I've joined the hobby at the tail end of the "early adopter" phase. I strongly believe that within the next three years, we'll have faster/cheaper/easier home units available. Within the next decade, they'll be ubiquitous.

I have a lot to learn, still, but I'm really enjoying the studies. Enough that I am considering getting a better printer

Wednesday, December 07, 2016

Lunchtime Games

Not long ago. our housemate mentioned that he was looking for good "lunchtime" games that he can play with non-gamers. My first instinct was to grab No Thanks! - it's one of my favorite filler games. It takes about two minutes to learn to play and five minutes to get through.

Here's a short list of good "lunchtime" games that you can play with non-gamers.

No Thanks! - as above. Fast to learn, fast to play. 3-5 players.

Age of War  - I've found that calling this game "Strategy Yahtzee" gets the essentials across for most players. Players roll dice trying to get the correct dice combinations to claim cards from the table - including cards controlled by other players! If you can get all of the cards of a single set (all the red cards, all the blue cards, etc.), you lock those cards so that opponents can't steal them and score bonus points. The game ends when all cards have been claimed. If it takes an hour, you're doing it wrong or rolling very poorly. 2-6 players.
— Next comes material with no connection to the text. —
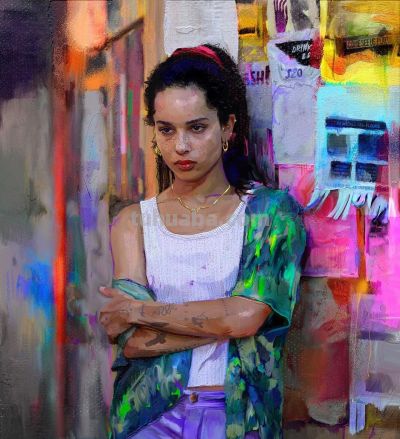 外网20W人狂赞的“科技”画，比传统更猛！光影和笔触越看越喜欢 - 图画吧TUHUABA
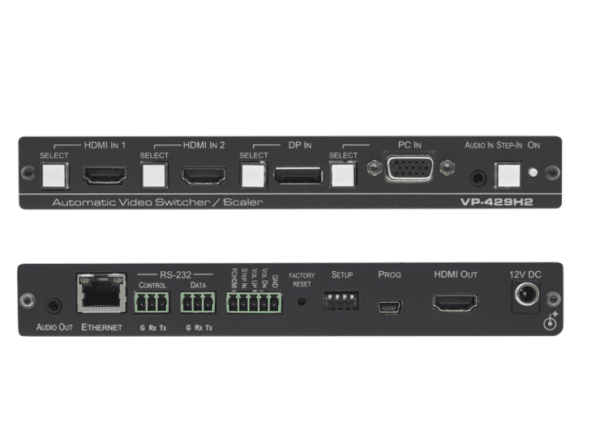KRAMER-VP-429H2_LARGE Kramer VP-429H2 HDMI-DisplayPort-VGA Switcher/Scaler - Afbeelding 6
We Didn't Playtest This At All - This is the game that Fluxx should be.  Fast. Random. Chaotic. And predictable in run time (short). The game lasts until only one player hasn't been eliminated - if it lasts six turns, it's an unusually long game. It also takes about a minute to learn to play.  2+ players (seriously, we've played it with 30 - but most players didn't get a turn ... ).  There are also a number of expansions that kick the randomness up a few more notches without slowing the game way down.

Rise of Augustus - Much like Age of War, I can just tell people, "It's strategy BINGO" and go from there. It's a bit more complex than some of the others on this list - call it "5-10 minutes of learning time." And be prepared for occasional questions during its 30 minute play time. 2-6 players.